■ WORK INSTRUCTION
Before repeating the entries below, strip out every picture and keep all else as it is.

Web page caption snippets

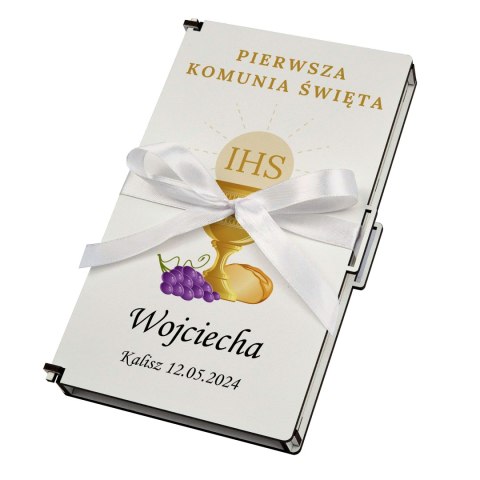 PAMIĄTKA NA KOMUNIĘ - PUDEŁKO NA PIENIĄDZE PAMIĄTKA NA KOMUNIĘ - PUDEŁKO NA PIENIĄDZE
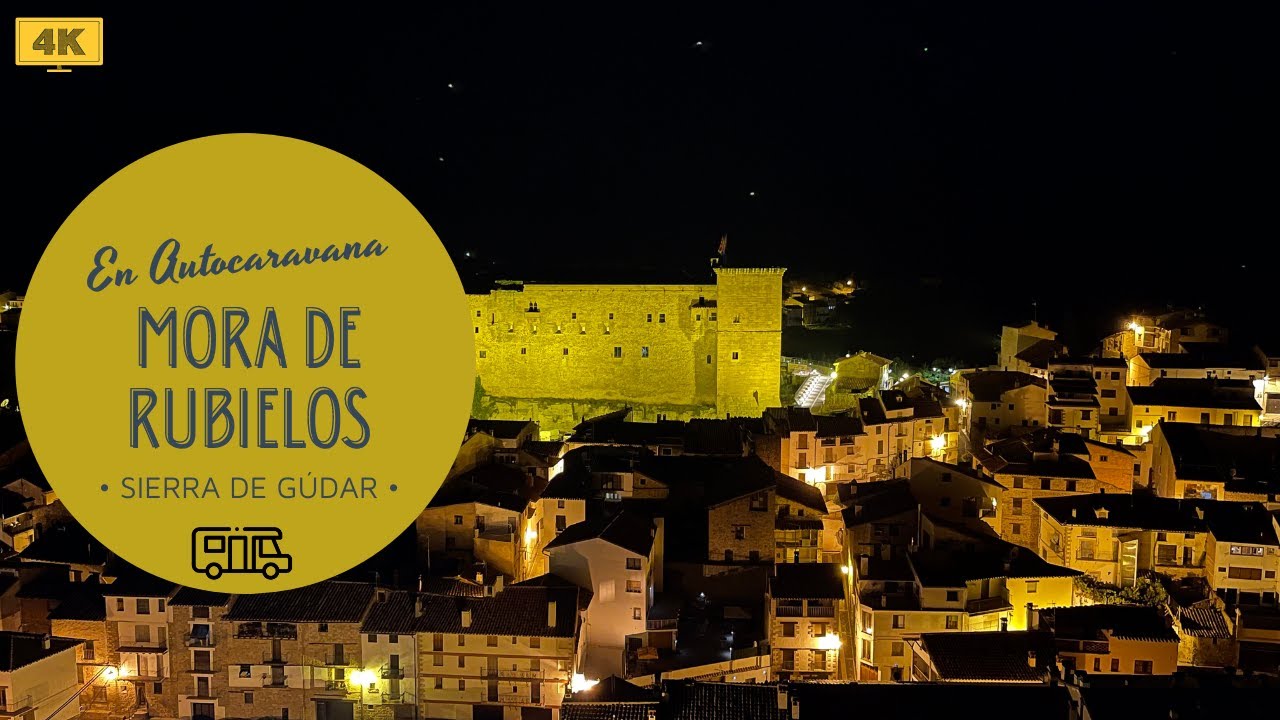 🚐 ¡¡NUEVA ÁREA DE AUTOCARAVANAS!! 🚐 MORA DE RUBIELOS 🏰  Pueblo Medieval 🏰
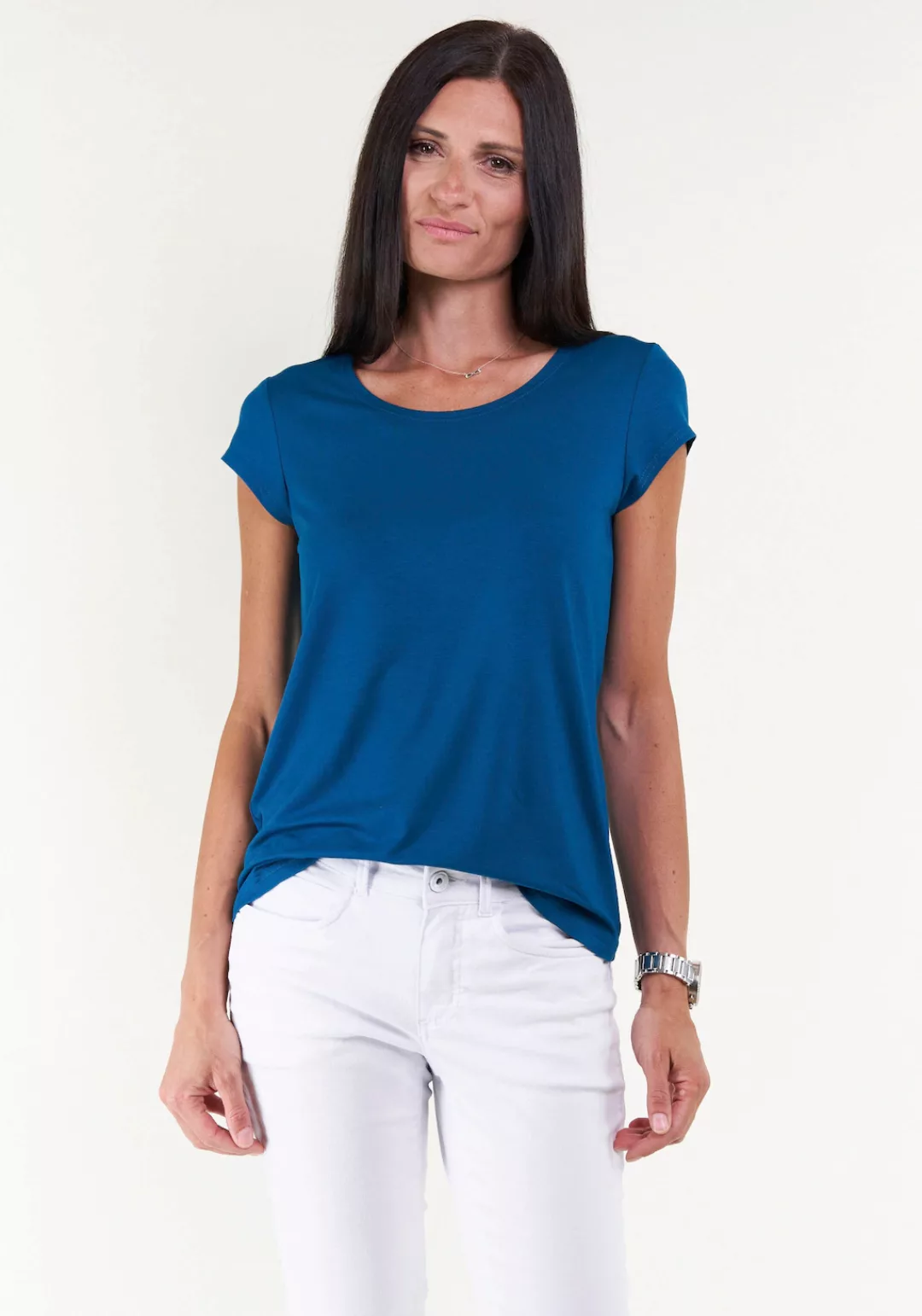 Seidel Moden T-Shirt, mit Kappenärmel günstig online kaufen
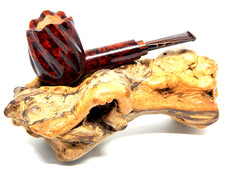 ANDREY KHARITONOV 2026 NEUF CONTRASTE BIRDSEYE "TORDU" SELLE BRANDY ESTATE PIPE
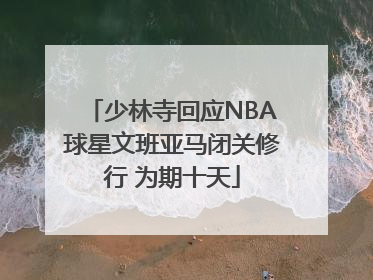 少林寺回应NBA球星文班亚马闭关修行 为期十天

■ TASK ANSWER
 PAMIĄTKA NA KOMUNIĘ - PUDEŁKO NA PIENIĄDZE PAMIĄTKA NA KOMUNIĘ - PUDEŁKO NA PIENIĄDZE
 🚐 ¡¡NUEVA ÁREA DE AUTOCARAVANAS!! 🚐 MORA DE RUBIELOS 🏰  Pueblo Medieval 🏰
 Seidel Moden T-Shirt, mit Kappenärmel günstig online kaufen
 ANDREY KHARITONOV 2026 NEUF CONTRASTE BIRDSEYE "TORDU" SELLE BRANDY ESTATE PIPE
 少林寺回应NBA球星文班亚马闭关修行 为期十天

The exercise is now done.